(Task directions): Only the lines from the one containing "THE PHAROAH Sports Bra by SobG Designs" through the last line below belong in your copy; transcribe them exactly and omit any pictures.

Items listed in a dataset:
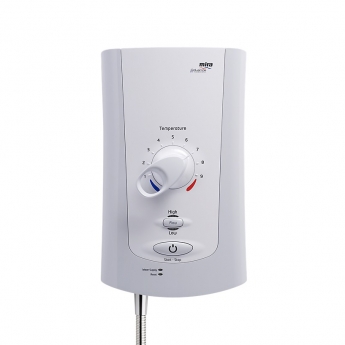 Mira Advance Flex Low Pressure Thermostatic Electric Shower - 9.0kW - White/Chrome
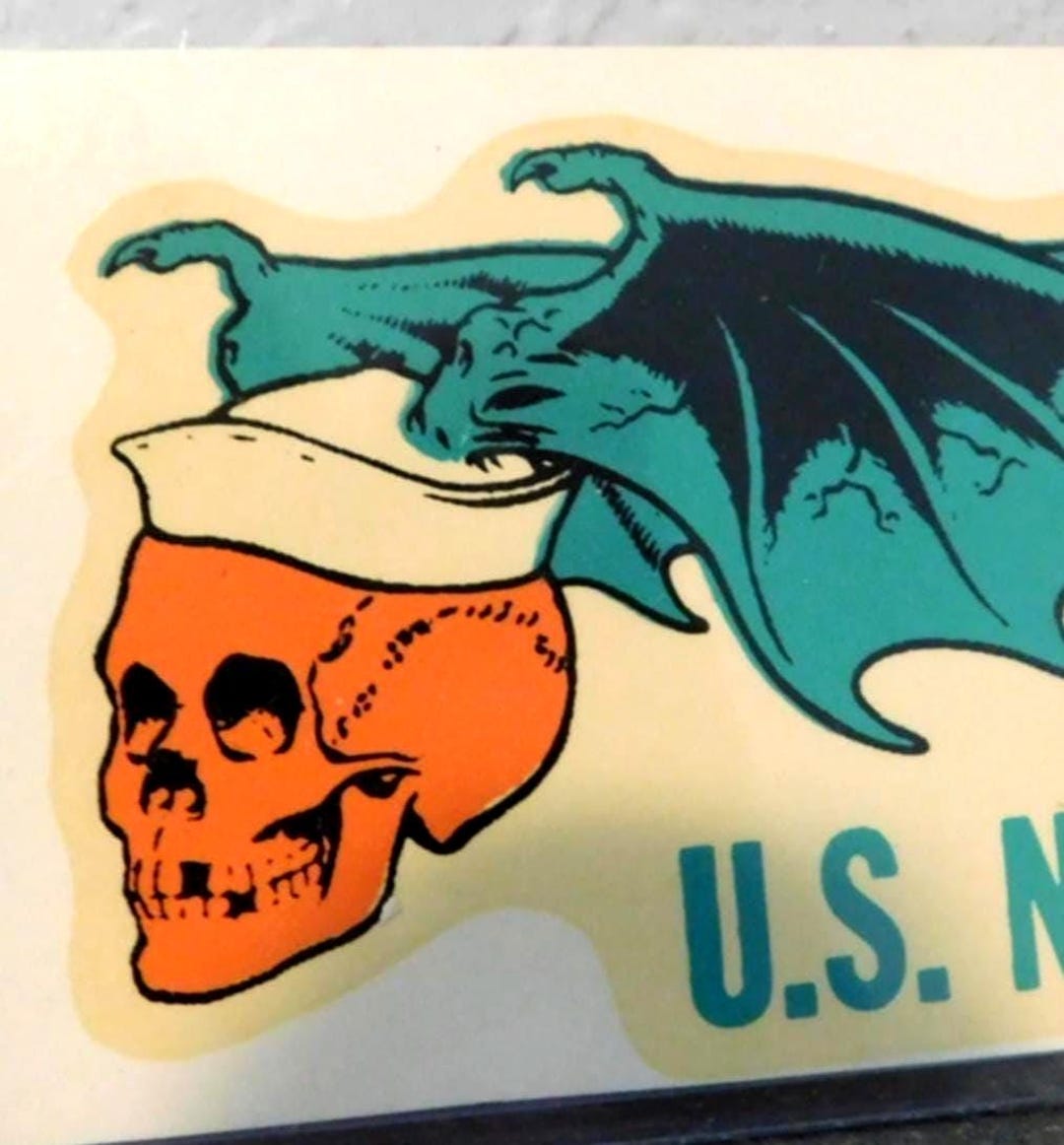 Vintage Ed Roth U.S. NAVY Decal 1965 Hot Rod Chopper Decal - Etsy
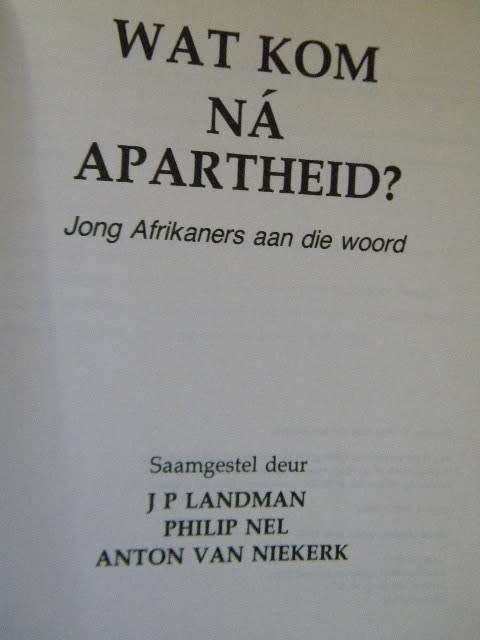 4 BOEKE: Die Politieke Stelsel van SA, Wat kom na Apartheid, Dawie 1946 -1964 en Die Nasionale Party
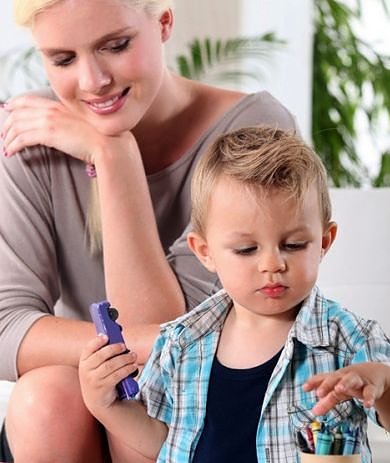 Bild: Arbeit und Familien unter einen "Hut bringen"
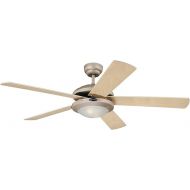 Westinghouse Comet 132 cm/ 52-inches Ceiling Fans, Titanium-Light Maple/ White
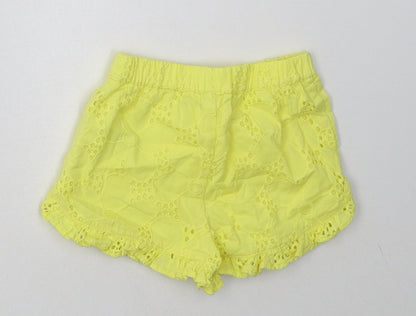 Nutmeg Girls Yellow Argyle/Diamond Cotton Shorts Outfit/Set Size 0-3 Months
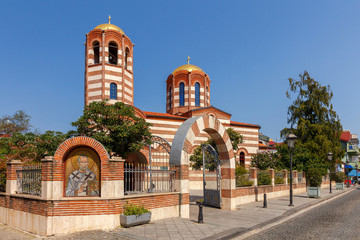 Fototapeta na wymiar Batumi. Christian church of St. Nicholas.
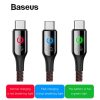 Baseus Type C To USB A QC 3.0 Nylon Braided Intelligent Auto Power Off Cable 100 Cm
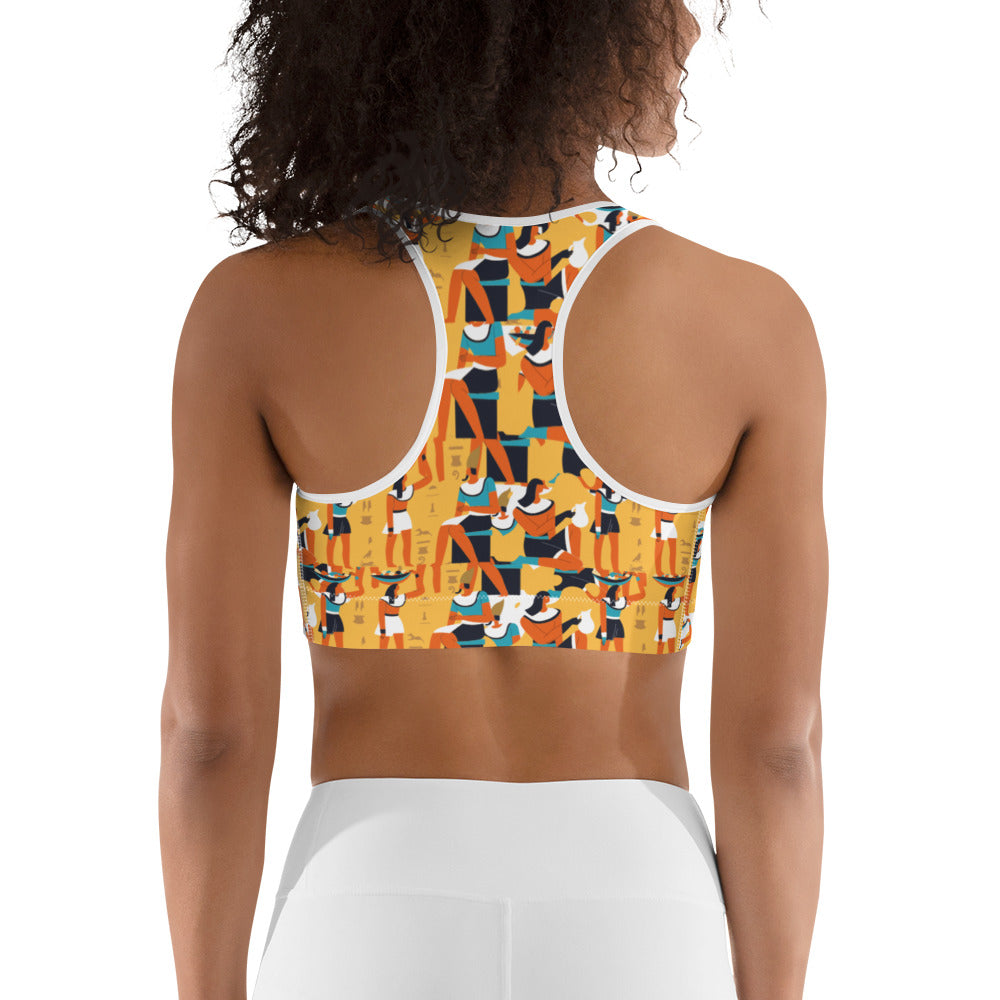 THE PHAROAH Sports Bra by SobG Designs
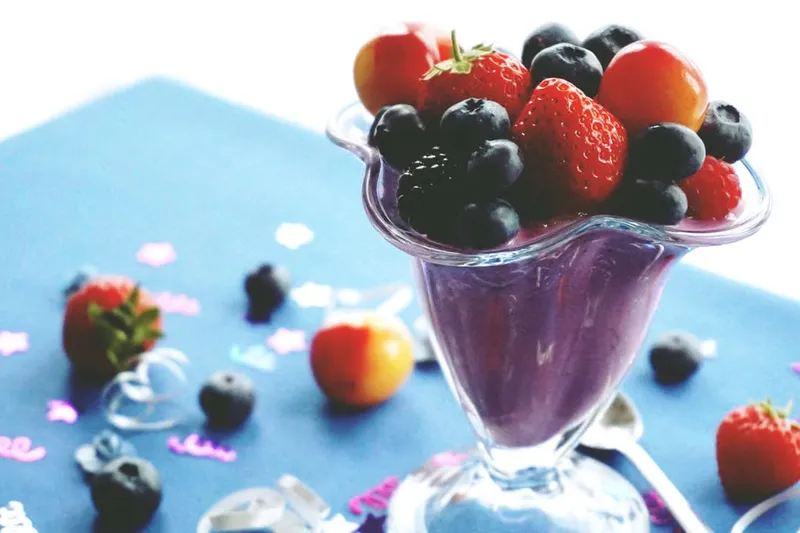 Healthy & Delicious Jamun Fruit Smoothie - Black Plum Smoothie Recipe — photo 2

(Written response):
 THE PHAROAH Sports Bra by SobG Designs
 Healthy & Delicious Jamun Fruit Smoothie - Black Plum Smoothie Recipe — photo 2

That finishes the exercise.